Wednesday, August 12, 2015

Rubio, Cuomo, and the beginning of human life

The following first ran at National Right to Life News Today.

Sen. Marco Rubio (R-Fl.) recently sparred with host Chris Cuomo on CNN over the beginning of human life. Cuomo denied Rubio's contention that science has established that the life of a human being begins at conception.

"It having a DNA map—so does a plant," Cuomo said. But a plant doesn't have human DNA. A plant life isn't a human life. Rubio, obviously, was talking about human life.

Writing at Slate, Amanda Marcotte also takes issue with Rubio's contention. "Actual biologists, for what it's worth, argue that life is continuous and that a fertilized egg is no more or less alive than a sperm or an unfertilized egg," she argues. "Human sperm cells, much like fertilized eggs, have human DNA."

This is remarkably biologically uninformed. Life in general is continuous (sperm and egg are alive), but the life of an individual human being is not continuous. It has a beginning and an end. Rubio, obviously, was referring to the beginning of the life of an individual human being.

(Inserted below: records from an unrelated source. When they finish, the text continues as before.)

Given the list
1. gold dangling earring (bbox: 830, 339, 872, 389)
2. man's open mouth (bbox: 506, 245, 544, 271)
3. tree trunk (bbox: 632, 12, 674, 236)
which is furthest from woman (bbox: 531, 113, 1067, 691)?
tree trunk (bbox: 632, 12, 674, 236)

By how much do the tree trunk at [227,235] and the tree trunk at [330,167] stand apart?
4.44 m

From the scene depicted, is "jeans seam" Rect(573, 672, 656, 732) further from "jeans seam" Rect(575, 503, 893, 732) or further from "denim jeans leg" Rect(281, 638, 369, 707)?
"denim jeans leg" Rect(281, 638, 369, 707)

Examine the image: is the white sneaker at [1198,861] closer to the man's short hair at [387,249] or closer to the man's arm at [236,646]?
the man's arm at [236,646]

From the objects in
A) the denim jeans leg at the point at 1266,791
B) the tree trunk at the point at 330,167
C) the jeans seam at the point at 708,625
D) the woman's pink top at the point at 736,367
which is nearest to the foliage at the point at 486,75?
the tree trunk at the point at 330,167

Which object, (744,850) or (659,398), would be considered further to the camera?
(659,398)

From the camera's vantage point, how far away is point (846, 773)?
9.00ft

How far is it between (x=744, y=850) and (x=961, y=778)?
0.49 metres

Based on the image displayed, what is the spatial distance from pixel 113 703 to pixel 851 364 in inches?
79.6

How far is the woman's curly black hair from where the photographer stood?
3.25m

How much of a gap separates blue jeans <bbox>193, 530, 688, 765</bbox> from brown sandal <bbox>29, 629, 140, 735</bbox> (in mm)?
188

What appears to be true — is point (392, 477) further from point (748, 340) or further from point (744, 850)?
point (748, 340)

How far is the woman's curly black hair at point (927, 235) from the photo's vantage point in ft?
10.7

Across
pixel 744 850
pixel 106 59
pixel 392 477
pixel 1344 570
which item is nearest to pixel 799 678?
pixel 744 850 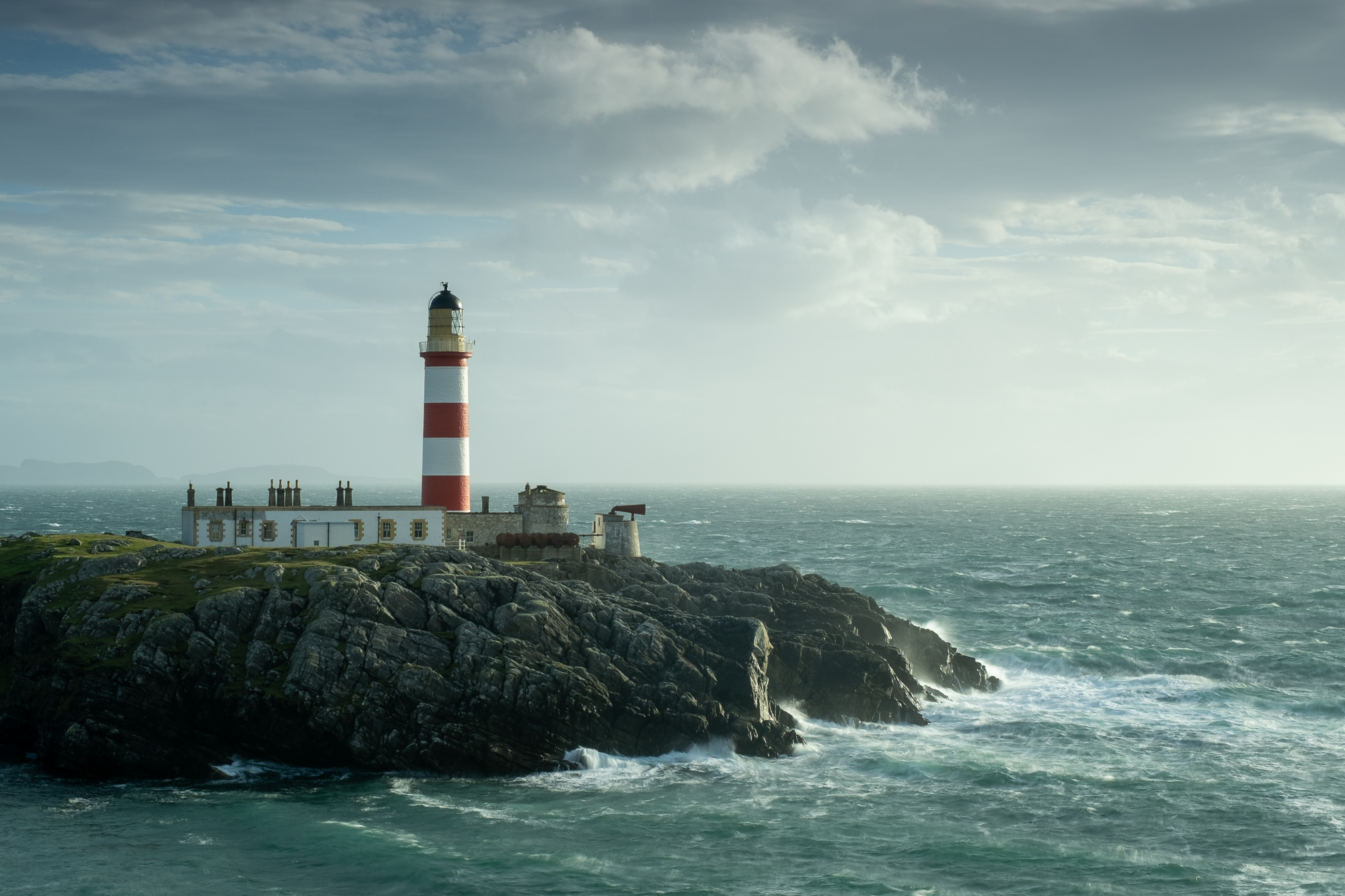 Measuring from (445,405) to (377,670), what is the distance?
23.4 m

Human sperm cells do have human DNA. So do human skin cells and human heart cells. But none of those cells are whole organisms. They are merely parts of larger organisms, not human beings themselves. The zygote/embryo/fetus is an actual human organism—an individual member of the species Homo sapiens, like each one of us—at the earliest stages of his or her development. That is simply not true of sperm cells.

The embryology textbook Human Embryology & Teratology makes the point clear: "Although life is a continuous process, fertilization ... is a critical landmark because, under ordinary circumstances, a new, genetically distinct human organism is formed."

Indeed, Rubio's position is fully established by science. "Human development begins at fertilization when a sperm fuses with an oocyte to form a single cell, a zygote," explains The Developing Human: Clinically Oriented Embryology. "This highly specialized, totipotent cell marks the beginning of each of us as a unique individual."

In his exchange with Rubio, Cuomo also showed a deeper confusion. Cuomo said Rubio's scientific assertions were actually a matter of "faith. That's not science." But here Cuomo mixed two different issues. The first is a scientific question: When does the life of a human organism begin? That's what Rubio was talking about, and his answer was correct. The second is a moral question: When does this developing member of our species become valuable and deserving of respect and protection?

Science shows that human embryos and fetuses are human beings in the biological sense. The real question is how we ought to treat these young human beings. This isn't a matter of religious "faith," but basic morality. Do all human beings have a right to life, or do only some? Is human equality true or just a myth?

And, on that foundational question, Rubio made his own position clear in the previous night's debate: "I believe that every single human being is entitled to the protection of our laws."

On the science and on the morality, Rubio is right.